WORK INSTRUCTION: Return all entries precisely as they stand, without the images.

─── DATASET CONTENT

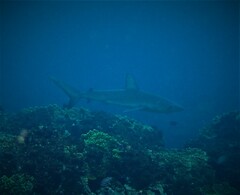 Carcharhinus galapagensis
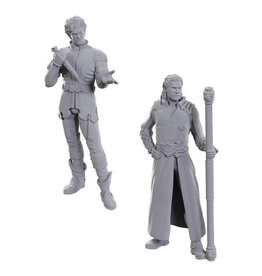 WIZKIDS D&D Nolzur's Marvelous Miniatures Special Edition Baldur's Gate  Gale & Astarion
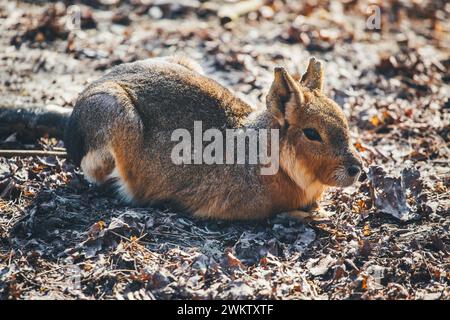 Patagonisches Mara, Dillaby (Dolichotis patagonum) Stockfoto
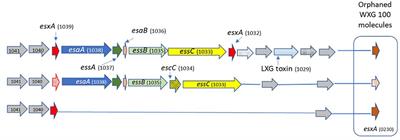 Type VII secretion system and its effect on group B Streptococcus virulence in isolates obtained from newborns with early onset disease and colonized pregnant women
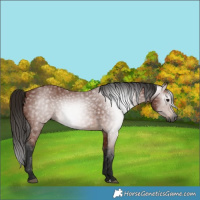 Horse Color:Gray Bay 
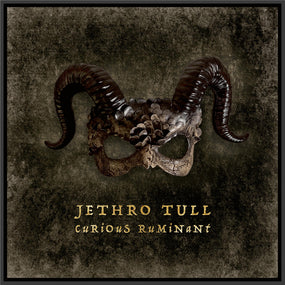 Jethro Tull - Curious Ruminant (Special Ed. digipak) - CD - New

──────

TASK ANSWER:
 Carcharhinus galapagensis
 WIZKIDS D&D Nolzur's Marvelous Miniatures Special Edition Baldur's Gate  Gale & Astarion
 Patagonisches Mara, Dillaby (Dolichotis patagonum) Stockfoto
 Type VII secretion system and its effect on group B Streptococcus virulence in isolates obtained from newborns with early onset disease and colonized pregnant women
 Horse Color:Gray Bay 
 Jethro Tull - Curious Ruminant (Special Ed. digipak) - CD - New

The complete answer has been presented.